Title: O'Flannery and McBrian - LC's First Day

Patrick relaxed at the office for the first time in weeks. He had finally solved his US market problem. LC was going to join the firm. Now he would finally have a chance at selling the product in his home country. The prophet might actually be accepted in his own land.

They had known each other for years, but never had a business relationship. Then one day, he realized that his company needed someone just like her to take over the management of the business. They talked; she agreed. She was ready for a career change (along with the chance to be a part owner of the company). She quit her job and was about to start work as a full, although not quite equal, partner.

He hadn’t decided on a job title yet. Of course he was the president and that wouldn’t change. He figured it would be something like "Vice President of US Operations", but that was really going to be up to her, within reason.



It was nice autumn day. Excitement was in the air. It'd been a long time since she’d started a new job and this one was unlike any other. There was a bustle of people in the lobby, adding to her energy. She was alone on the elevator and took a moment to dance for joy, before replacing her façade of professionalism.
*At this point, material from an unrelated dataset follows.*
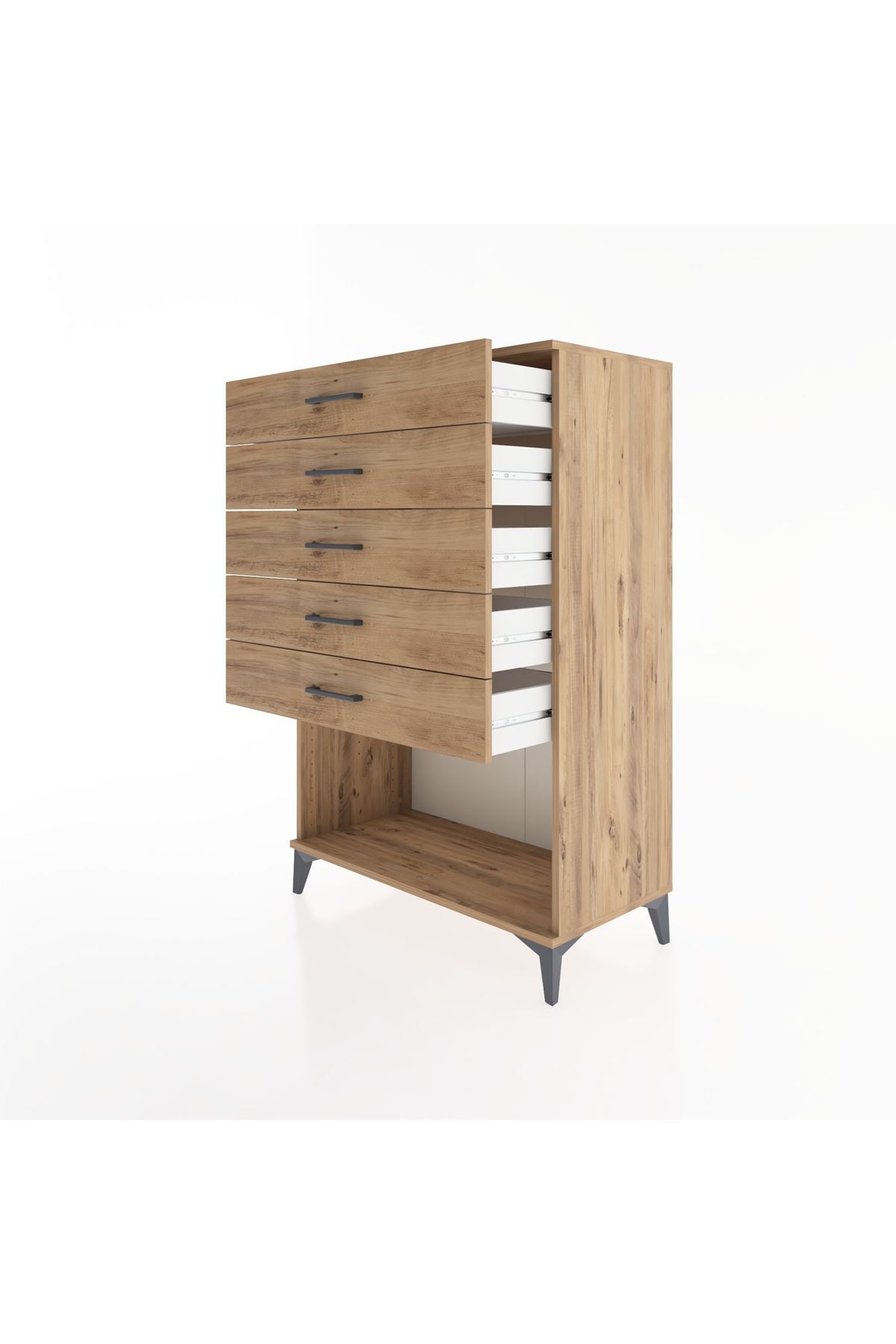 Hyperion Dolap 5 Çekmeceli 88x44x134 - S51M128V9B
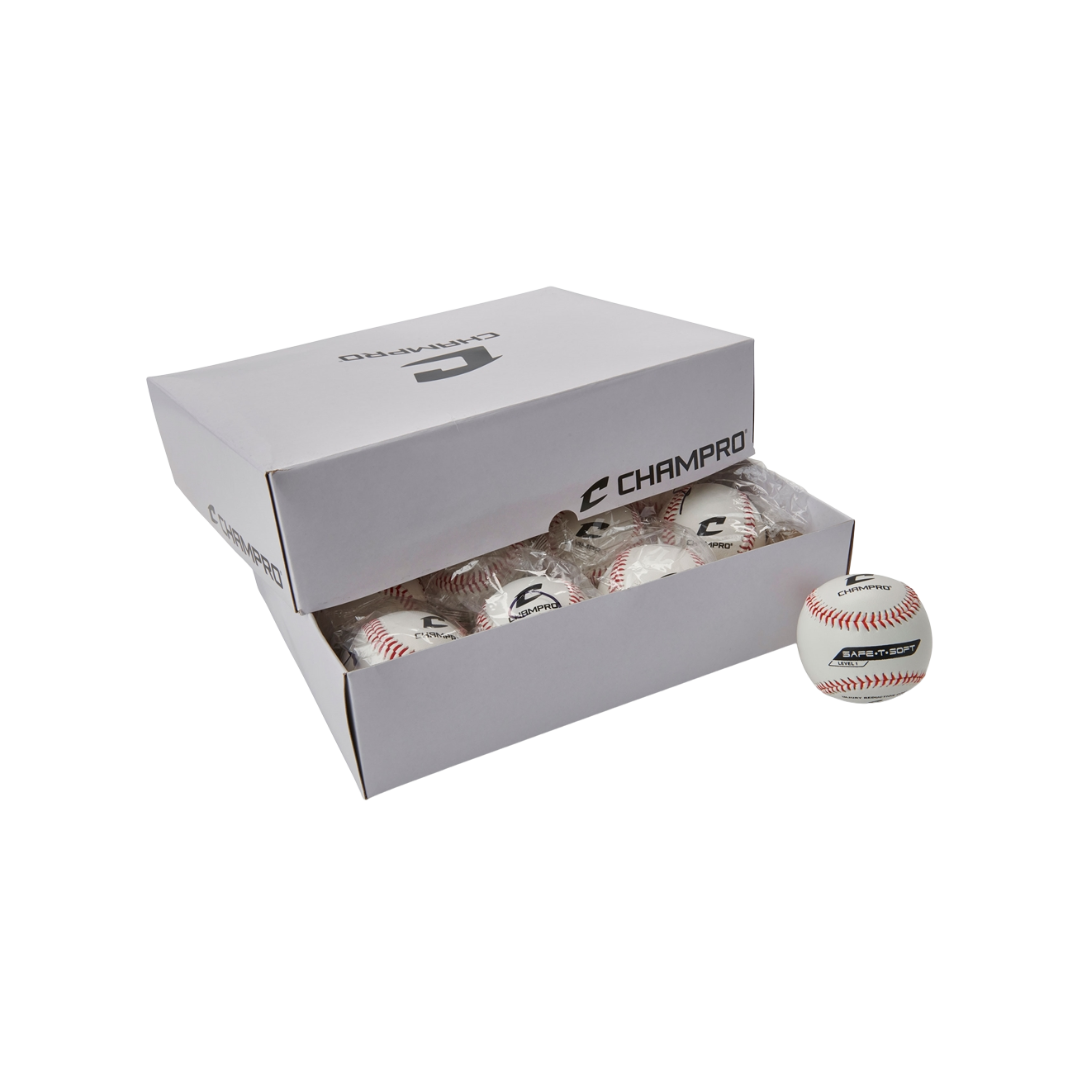 Image of Champro T-Ball Level 1 Safe-T-Soft Baseball (Docena) - Deportes Salvador Colom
The doors opened on the 15th floor. Her ears were immediately assaulted by the sound of a miniature jackhammer. A workman was repairing the marble inlay on one of the walls. The whole building had an "old money" feel to it that was accentuated by the aged cherry woodwork, brass fixtures and marble windowsills.

She left the elevator area, turned left and saw the office door almost immediately: Suite 1501. She stopped dead in her tracks. Reality had just sunk in. She hadn't expected him to get it done so quickly. The company name was already changed on the door. In nice big letters, black and gold on frosted glass, he saw: "O’Flannery & McBrian LP" Beneath it, in smaller italics, it read, "World Finest Left-Handed Flaginates".

A shiver ran up and down her spine. She was an owner… one of the bosses. Again restoring her composure, she took a deep breath, let it out and opened the door.

The first sensation was the smell of old leather; like a law office or a library. There was a large reception area with room for plenty of visitors. Several doors lead to other rooms, but her attention was focused on the young woman behind the desk. LC closed the door. Immediately, the annoying jackhammer sound was gone, not just reduced, gone.

The receptionist smiled at her confused look. "Good morning Ms. McBrian, it's so nice to finally meet you. I'm Rachael Dolan." She stood up and came out from behind the desk to shake LC’s hand.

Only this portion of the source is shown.